PROBLEM TO WORK ON: Make an exact copy of every entry, leaving the pictures out.

DATA SUPPLIED:
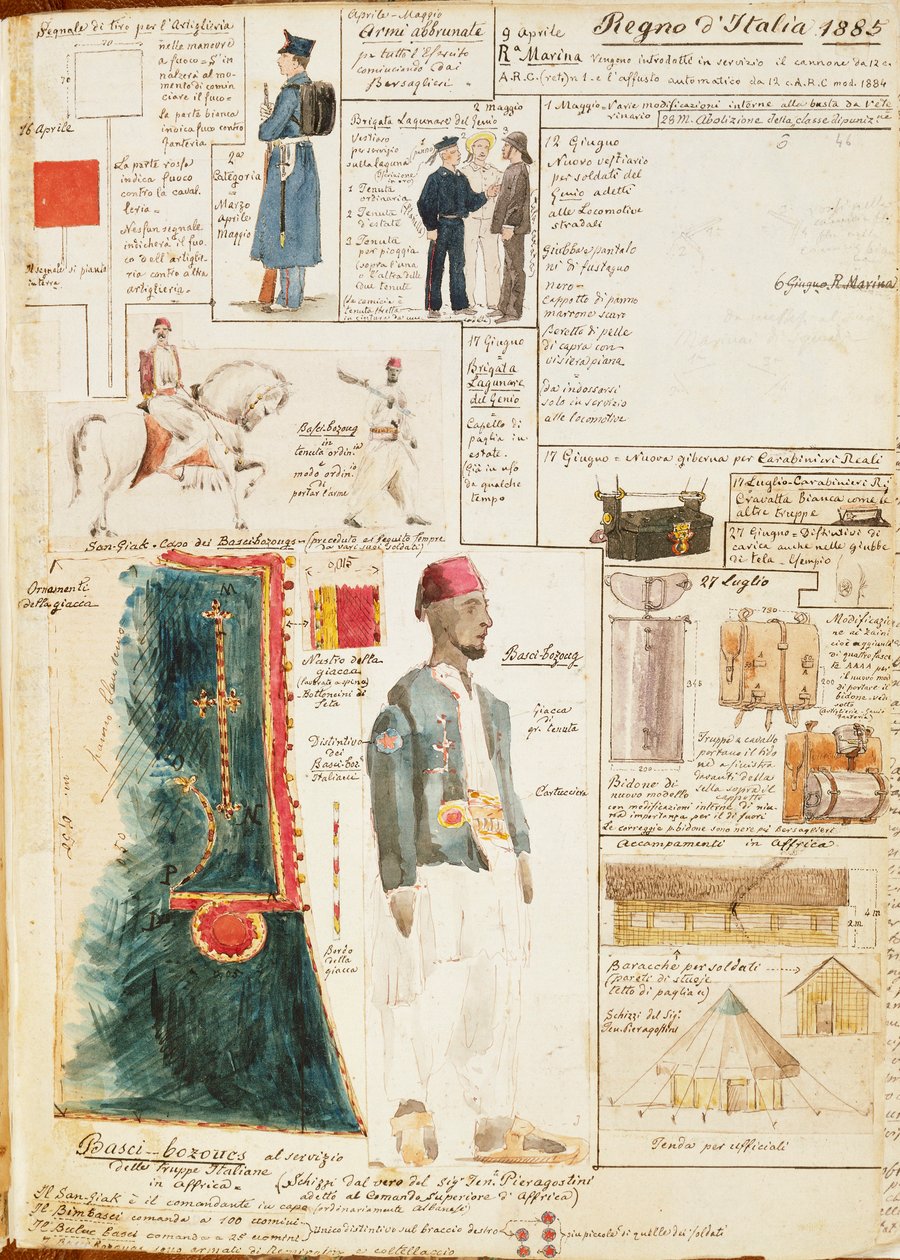 Vários uniformes do Reino de Itália, placa colorida por Quinto Cenni de Quinto Cenni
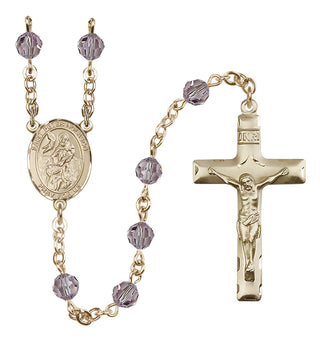 14 Karat Gold 6mm Austrian Crystal Saint Peter Nolasco Rosary in Light Amethyst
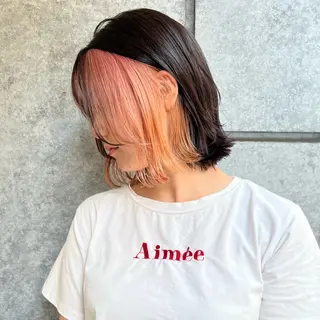 ミディアム カラー 癖毛救済✂️ボブ /髪質改善ストレートのヘアスタイル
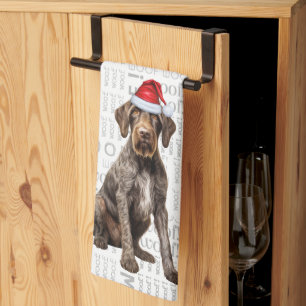 Pet Lover Holiday Wirehair Pointer Dog Christmas Tea Towel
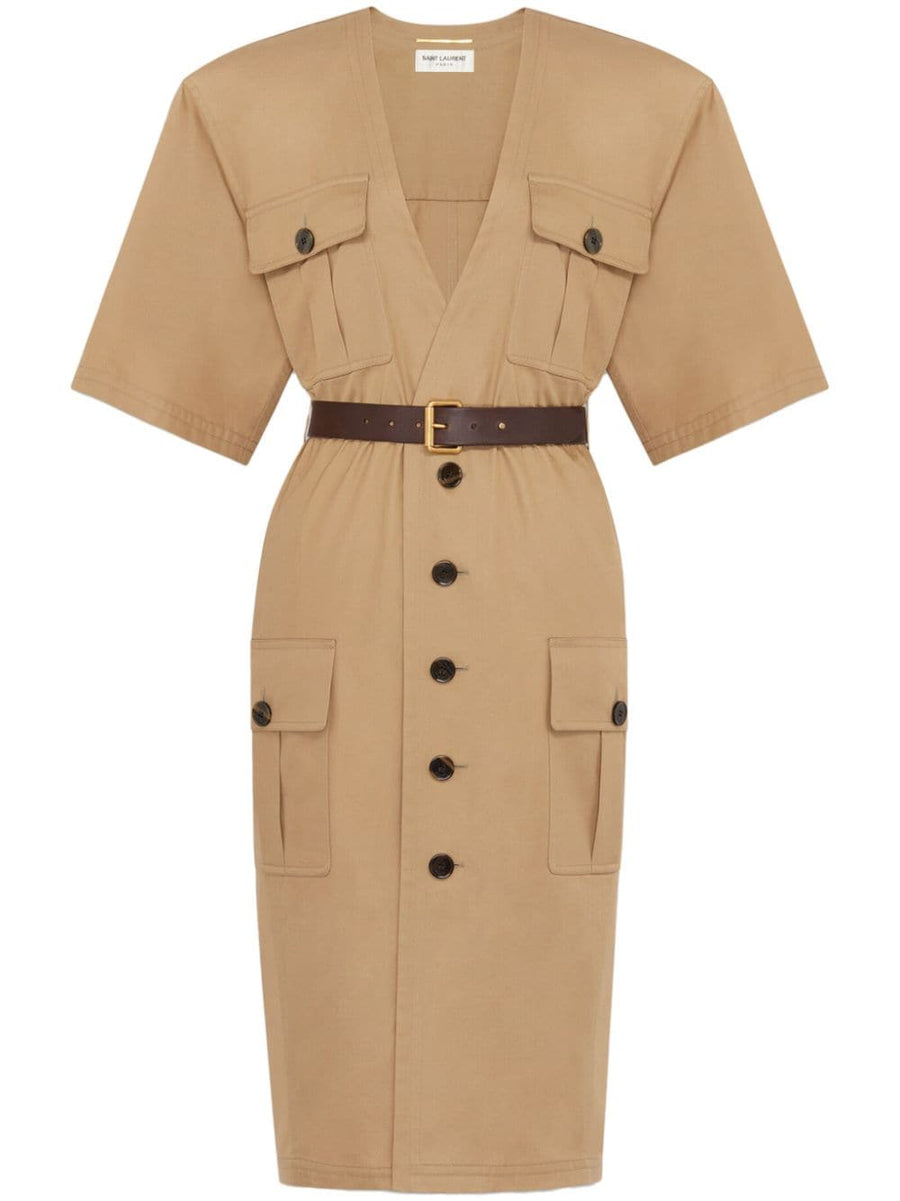 Saint Laurent Beige Cotton Twill Midi Dress For Women Belted Waist Front Button V Neck Luxurious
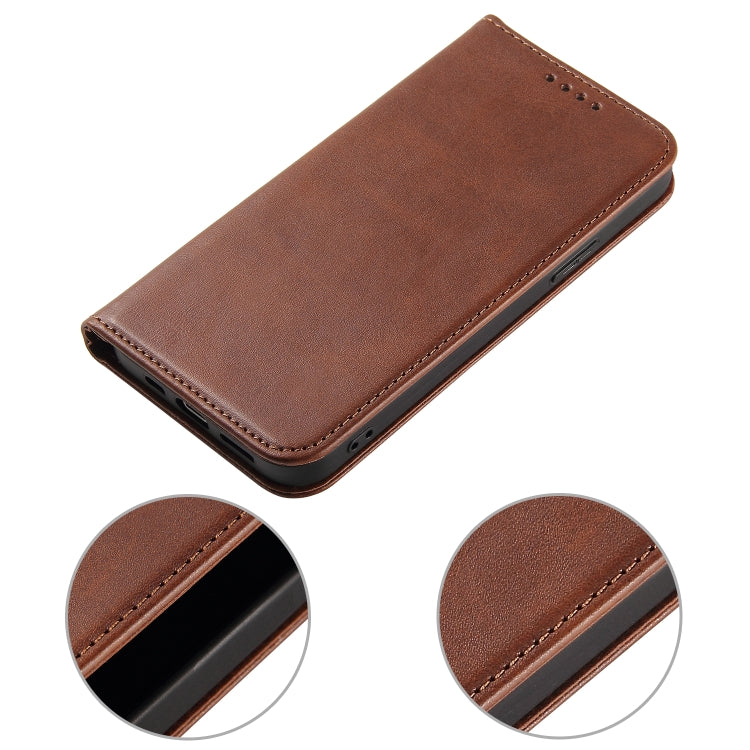 For iPhone 12 Pro Max Calf Texture Magnetic Horizontal Flip Leather Case with Holder & Card Slots & Wallet(Brown) by buy2fix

REPLY:
 Vários uniformes do Reino de Itália, placa colorida por Quinto Cenni de Quinto Cenni
 14 Karat Gold 6mm Austrian Crystal Saint Peter Nolasco Rosary in Light Amethyst
 ミディアム カラー 癖毛救済✂️ボブ /髪質改善ストレートのヘアスタイル
 Pet Lover Holiday Wirehair Pointer Dog Christmas Tea Towel
 Saint Laurent Beige Cotton Twill Midi Dress For Women Belted Waist Front Button V Neck Luxurious
 For iPhone 12 Pro Max Calf Texture Magnetic Horizontal Flip Leather Case with Holder & Card Slots & Wallet(Brown) by buy2fix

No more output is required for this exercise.